- _Problem requirements_: Look through the data below and extract, unchanged, the lines from the one that contains "Melissa Etheridge @ Gasomter" to the one that contains "Pochette Noir matelassé", both included.

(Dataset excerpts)
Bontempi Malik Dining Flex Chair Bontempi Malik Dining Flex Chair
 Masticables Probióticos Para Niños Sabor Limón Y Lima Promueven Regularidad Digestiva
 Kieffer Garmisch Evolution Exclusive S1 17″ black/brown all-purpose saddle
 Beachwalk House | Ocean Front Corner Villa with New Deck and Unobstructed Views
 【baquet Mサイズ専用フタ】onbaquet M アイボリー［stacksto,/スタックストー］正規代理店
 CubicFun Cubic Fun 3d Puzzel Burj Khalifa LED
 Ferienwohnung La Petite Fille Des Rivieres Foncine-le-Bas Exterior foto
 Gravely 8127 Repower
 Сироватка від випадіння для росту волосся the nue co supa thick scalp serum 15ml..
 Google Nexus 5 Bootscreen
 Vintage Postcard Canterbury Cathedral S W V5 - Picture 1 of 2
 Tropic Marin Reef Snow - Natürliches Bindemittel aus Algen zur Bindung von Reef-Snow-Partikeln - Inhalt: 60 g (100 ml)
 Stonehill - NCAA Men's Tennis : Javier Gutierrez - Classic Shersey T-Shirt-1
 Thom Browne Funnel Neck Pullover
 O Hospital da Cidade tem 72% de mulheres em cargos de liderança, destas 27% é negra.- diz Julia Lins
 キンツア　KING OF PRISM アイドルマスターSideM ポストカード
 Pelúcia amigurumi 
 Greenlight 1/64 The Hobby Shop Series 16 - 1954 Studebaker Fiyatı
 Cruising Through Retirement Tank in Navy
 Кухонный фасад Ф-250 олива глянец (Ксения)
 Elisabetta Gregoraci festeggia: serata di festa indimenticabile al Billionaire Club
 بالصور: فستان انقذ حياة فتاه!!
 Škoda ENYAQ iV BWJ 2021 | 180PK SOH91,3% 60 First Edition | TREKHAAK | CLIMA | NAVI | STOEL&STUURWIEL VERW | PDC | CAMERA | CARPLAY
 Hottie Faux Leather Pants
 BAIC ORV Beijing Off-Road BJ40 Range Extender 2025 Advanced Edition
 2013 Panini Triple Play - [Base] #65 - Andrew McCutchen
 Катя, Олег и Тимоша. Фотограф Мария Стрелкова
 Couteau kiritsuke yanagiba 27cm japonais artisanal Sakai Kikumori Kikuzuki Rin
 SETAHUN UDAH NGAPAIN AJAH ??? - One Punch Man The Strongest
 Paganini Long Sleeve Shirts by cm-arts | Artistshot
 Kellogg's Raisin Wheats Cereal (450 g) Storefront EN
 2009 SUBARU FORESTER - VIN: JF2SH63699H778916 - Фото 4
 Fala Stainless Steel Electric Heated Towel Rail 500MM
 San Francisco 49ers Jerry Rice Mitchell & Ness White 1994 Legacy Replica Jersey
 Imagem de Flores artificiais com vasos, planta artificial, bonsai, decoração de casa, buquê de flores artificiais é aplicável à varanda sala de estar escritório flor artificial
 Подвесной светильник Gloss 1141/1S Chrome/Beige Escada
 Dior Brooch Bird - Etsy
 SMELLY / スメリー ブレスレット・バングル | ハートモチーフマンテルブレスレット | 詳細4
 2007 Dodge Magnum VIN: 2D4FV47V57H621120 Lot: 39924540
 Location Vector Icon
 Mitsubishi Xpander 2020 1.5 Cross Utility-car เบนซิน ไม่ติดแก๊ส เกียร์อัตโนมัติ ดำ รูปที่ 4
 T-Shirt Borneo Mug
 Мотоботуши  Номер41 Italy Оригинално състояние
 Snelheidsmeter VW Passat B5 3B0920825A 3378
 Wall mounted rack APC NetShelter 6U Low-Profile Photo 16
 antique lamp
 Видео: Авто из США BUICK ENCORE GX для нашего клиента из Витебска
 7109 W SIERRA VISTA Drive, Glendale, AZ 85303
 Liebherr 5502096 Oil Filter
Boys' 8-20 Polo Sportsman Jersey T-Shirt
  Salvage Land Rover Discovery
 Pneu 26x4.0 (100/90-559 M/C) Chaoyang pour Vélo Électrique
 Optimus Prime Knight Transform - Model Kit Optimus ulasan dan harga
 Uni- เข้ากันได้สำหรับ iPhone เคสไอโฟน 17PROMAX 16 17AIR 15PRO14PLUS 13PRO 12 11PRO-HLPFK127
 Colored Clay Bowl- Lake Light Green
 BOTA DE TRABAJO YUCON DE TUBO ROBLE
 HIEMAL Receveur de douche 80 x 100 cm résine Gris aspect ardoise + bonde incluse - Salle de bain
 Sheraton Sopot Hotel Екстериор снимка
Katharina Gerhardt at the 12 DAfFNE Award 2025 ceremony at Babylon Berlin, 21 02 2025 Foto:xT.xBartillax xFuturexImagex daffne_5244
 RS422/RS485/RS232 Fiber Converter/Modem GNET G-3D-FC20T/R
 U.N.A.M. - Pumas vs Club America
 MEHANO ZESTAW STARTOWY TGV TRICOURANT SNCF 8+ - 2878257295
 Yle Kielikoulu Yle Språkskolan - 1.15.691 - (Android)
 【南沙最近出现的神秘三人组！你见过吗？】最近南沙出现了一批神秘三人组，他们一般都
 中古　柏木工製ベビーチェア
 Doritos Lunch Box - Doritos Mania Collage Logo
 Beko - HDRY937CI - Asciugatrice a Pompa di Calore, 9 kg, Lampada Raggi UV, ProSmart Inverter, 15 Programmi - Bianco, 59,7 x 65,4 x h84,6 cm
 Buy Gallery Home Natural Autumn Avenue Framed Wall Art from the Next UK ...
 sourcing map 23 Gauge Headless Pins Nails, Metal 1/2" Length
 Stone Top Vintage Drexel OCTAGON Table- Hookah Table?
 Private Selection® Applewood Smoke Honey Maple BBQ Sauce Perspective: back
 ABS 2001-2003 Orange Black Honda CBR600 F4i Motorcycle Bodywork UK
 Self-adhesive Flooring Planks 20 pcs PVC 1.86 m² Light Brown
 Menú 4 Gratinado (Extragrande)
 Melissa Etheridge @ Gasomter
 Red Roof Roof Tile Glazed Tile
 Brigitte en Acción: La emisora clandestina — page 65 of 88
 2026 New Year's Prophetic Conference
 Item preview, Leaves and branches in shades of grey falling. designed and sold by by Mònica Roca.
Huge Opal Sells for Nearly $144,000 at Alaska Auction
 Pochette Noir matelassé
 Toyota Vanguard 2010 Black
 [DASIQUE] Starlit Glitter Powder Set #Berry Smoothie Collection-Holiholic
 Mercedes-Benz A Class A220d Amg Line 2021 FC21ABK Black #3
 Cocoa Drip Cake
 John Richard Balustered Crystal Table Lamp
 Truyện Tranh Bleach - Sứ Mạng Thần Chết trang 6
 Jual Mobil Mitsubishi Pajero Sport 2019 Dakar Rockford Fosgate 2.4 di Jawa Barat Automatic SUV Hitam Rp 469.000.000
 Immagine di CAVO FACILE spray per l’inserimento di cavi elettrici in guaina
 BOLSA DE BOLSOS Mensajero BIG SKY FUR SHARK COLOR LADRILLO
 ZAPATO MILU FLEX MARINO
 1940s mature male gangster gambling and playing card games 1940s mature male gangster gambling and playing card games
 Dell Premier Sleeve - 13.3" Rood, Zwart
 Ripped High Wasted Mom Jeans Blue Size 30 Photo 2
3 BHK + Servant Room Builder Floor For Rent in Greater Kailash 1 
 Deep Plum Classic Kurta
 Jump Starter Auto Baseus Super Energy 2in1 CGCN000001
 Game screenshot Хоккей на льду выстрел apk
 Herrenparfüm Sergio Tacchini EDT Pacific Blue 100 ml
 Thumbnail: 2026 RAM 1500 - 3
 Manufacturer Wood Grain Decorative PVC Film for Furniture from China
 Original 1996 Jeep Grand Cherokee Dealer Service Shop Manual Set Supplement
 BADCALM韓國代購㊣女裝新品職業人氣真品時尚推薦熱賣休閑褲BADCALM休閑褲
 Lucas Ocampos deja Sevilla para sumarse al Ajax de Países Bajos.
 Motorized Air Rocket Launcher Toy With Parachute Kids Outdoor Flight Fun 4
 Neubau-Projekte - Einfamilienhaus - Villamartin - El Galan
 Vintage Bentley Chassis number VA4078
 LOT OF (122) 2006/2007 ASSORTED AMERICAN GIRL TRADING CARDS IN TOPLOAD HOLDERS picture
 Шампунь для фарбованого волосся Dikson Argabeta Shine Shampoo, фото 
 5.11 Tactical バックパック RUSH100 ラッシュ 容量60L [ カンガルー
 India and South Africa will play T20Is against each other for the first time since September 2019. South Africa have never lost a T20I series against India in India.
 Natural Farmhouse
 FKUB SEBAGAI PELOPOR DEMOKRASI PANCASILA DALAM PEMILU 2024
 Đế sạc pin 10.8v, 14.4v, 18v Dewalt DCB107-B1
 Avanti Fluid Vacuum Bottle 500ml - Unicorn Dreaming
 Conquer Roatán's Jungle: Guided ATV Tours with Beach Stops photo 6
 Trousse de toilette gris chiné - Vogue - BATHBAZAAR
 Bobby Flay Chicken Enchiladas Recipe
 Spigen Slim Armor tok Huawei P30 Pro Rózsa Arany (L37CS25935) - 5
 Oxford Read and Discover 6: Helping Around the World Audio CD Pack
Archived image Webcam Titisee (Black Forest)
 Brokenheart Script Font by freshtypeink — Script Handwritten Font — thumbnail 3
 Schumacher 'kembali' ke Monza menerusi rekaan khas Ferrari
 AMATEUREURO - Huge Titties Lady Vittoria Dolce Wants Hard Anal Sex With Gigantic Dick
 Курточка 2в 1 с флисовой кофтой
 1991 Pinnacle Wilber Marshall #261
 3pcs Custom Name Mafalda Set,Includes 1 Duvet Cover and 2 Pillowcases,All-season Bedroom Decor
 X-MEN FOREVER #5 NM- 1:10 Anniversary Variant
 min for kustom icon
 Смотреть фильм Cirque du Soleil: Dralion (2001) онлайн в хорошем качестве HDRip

- _Worked solution_:
 Melissa Etheridge @ Gasomter
 Red Roof Roof Tile Glazed Tile
 Brigitte en Acción: La emisora clandestina — page 65 of 88
 2026 New Year's Prophetic Conference
 Item preview, Leaves and branches in shades of grey falling. designed and sold by by Mònica Roca.
Huge Opal Sells for Nearly $144,000 at Alaska Auction
 Pochette Noir matelassé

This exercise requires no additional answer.